I first took the Meyers Briggs personality test when I was 25 years old. I tested as an extrovert, but just barely. When I took the same test several years later, I tested as an introvert. Every time I’ve taken it since it’s the same thing: INFJ. Though our personalities are prone to subtle change over time, I know without a doubt that I was never an actual extrovert. I simply wanted to be. I wanted to identify as a “people-person.” Therefore I provided the answers that I desired to be true about me, even though they weren’t actually true.
Perhaps it sounds like I intentionally lied. I didn’t. “Denial” is probably a better way of putting it. I simply hadn’t grown up enough to put on the lenses of acceptance yet. I was still trying to live up to the expectations and ideals that I wanted to be true for me.
Though I’d grown up enough to recognize the denial and idealism that guided my personality test answers, I still had a long way to go before I realized how this same wrongful thinking affected motherhood and the educational model I wanted for our kids.
I can still easily recall the visions I had for our homeschool.
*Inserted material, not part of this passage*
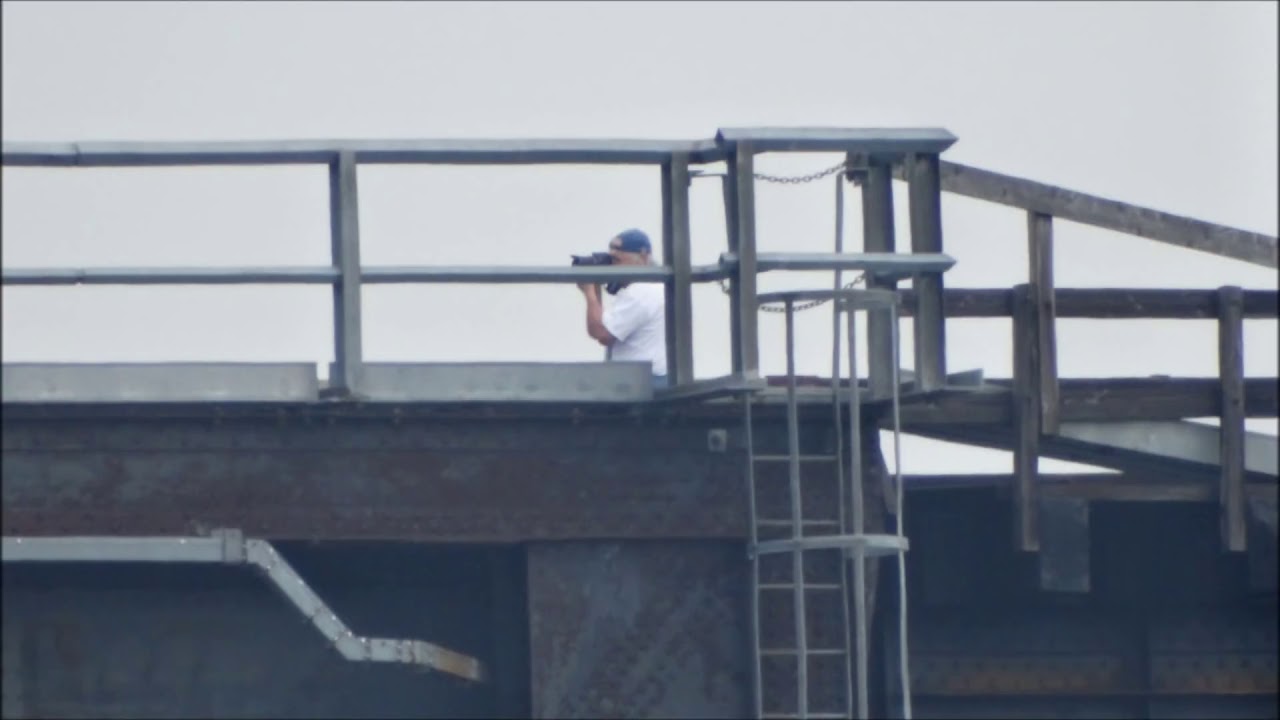 On the Parry Sound Bridge! - Ontario, CANADA!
Visions of meaningful interaction all day long. Visions of delightful teaching opportunities throughout the day. We’ll learn about fractions when we cook! We’ll do math at the grocery store!
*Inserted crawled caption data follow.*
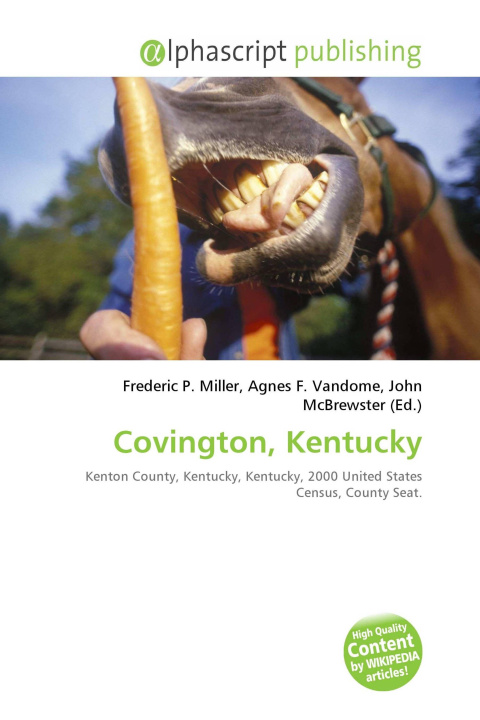 Kniha Covington, Kentucky Agnes F. Vandome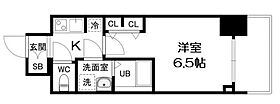 エスリードレジデンス都島シティフロント  ｜ 大阪府大阪市都島区都島北通1丁目（賃貸マンション1K・5階・22.90㎡） その2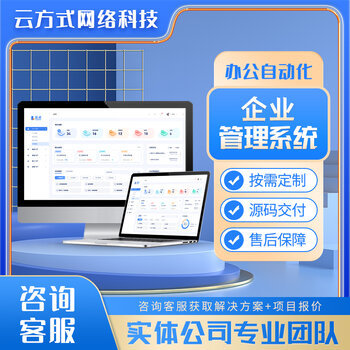 企業管理系統開發定制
Ironically, it was the constant interaction that took years off my life. It was the ridiculous expectation that kept me trying to be someone I wasn’t even though it was killing me. I got to the point where I did not even attempt to go to the grocery store with all of my kids, let alone do math with them while we shopped. This introverted homeschool mom was desperate for a break from the tiny humans who were never at a shortage for words.
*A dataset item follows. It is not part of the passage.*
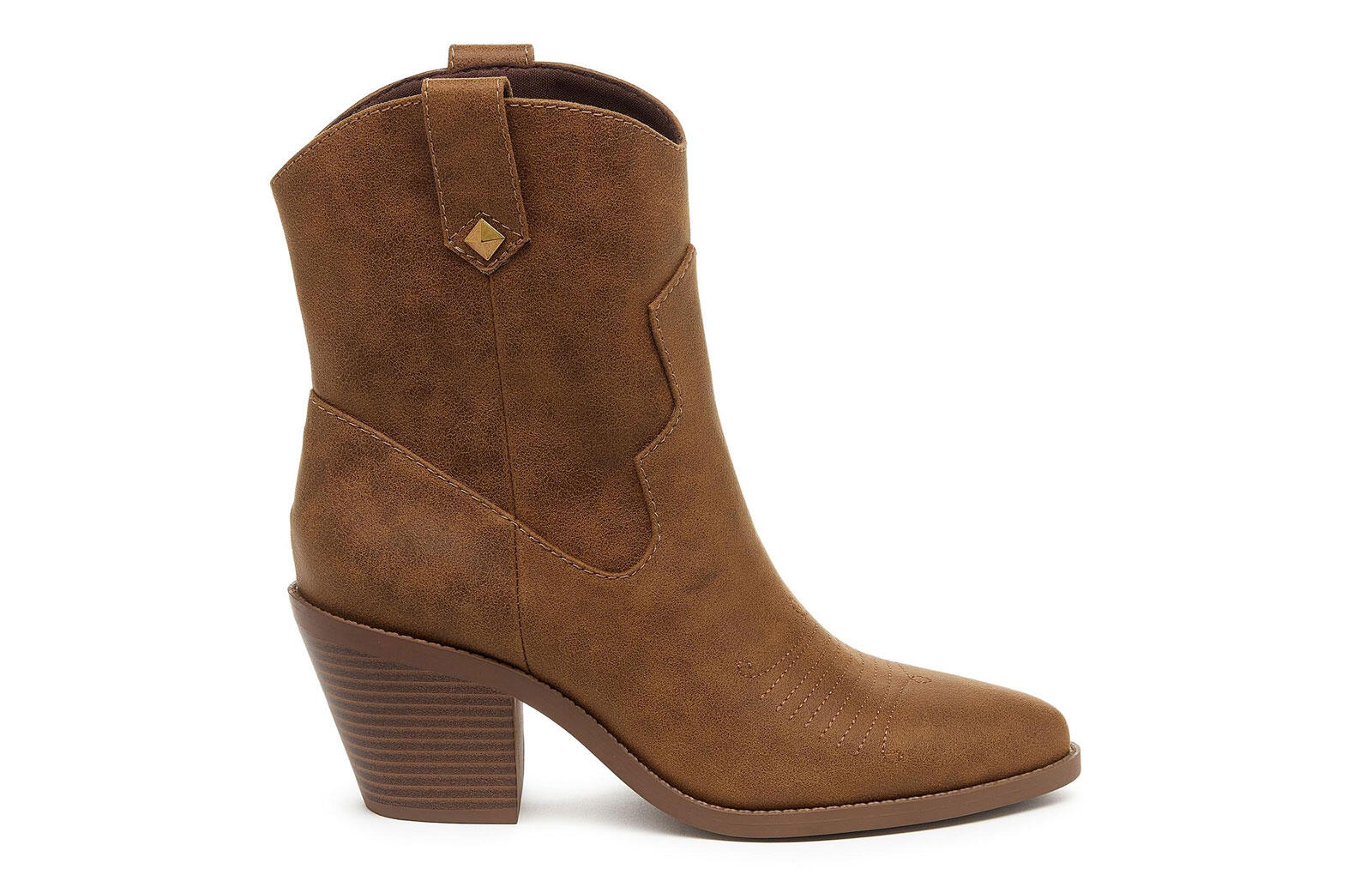 Rocket Dog Feather Women's Mid-Calf Cowboy Boots, Brown ROCKET DOG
Husband: Sooo….we’re having graham crackers for dinner?
Me: Yes. Eating an actual meal required taking our children to Walmart. So I chose a supper of crackers. For the win.
We were years into homeschooling before I began to reconcile the real with the ideal. Things would have been so much easier if I’d worked with my personality instead of fighting against it.
We remain open to any educational alternative that one or all of our children may need down the road. But if public school ceases to be an okay option for someone and I homeschool again, I’ll do it differently. We’ll choose a way that puts less of the teaching burden on me. I’ll get paid in currency that matters. Marriage, wholeness, and mental health will be priorities.
Virtually all of our decisions about education revolve around the children — what’s “best” for them. But I submit that if the parent is excessively taxed and stressed, it’s not the best option, no matter how great it may be for the kids. This is true whether our kids are in public, private, or home-school.
I realize that being a mom is sacrificial by nature. We serve and sacrifice and surrender and then we get up the next day and do it all over again. It’s part of the job description and we’re fueled by a love that’s buried deep within our parental DNA. But rest and balance still matter. We live like they’re negotiable but eventually, we’ll have to pay the debt.
During my post-homeschool season of intentional rest, I wrote these words:
When you’re too off-balance for too long, when a good thing ceases to be a feasible thing, perhaps it’s time to acknowledge your real self and accept your real limits. It doesn’t mean you’ve failed. And it certainly doesn’t mean you don’t measure up to the mom who seems to be rocking the very thing you can’t get together. It simply means you’re unique. And so is your family. It also means you’re human.
Be honest about your life, your season, your limits, and your God-given personality. They’re far more important variables than you may think.
But first, take off that tattered superhero cape and go take a nap.
What about you? Do you find yourself fighting against your personality and your limits instead of embracing them as part of the equation?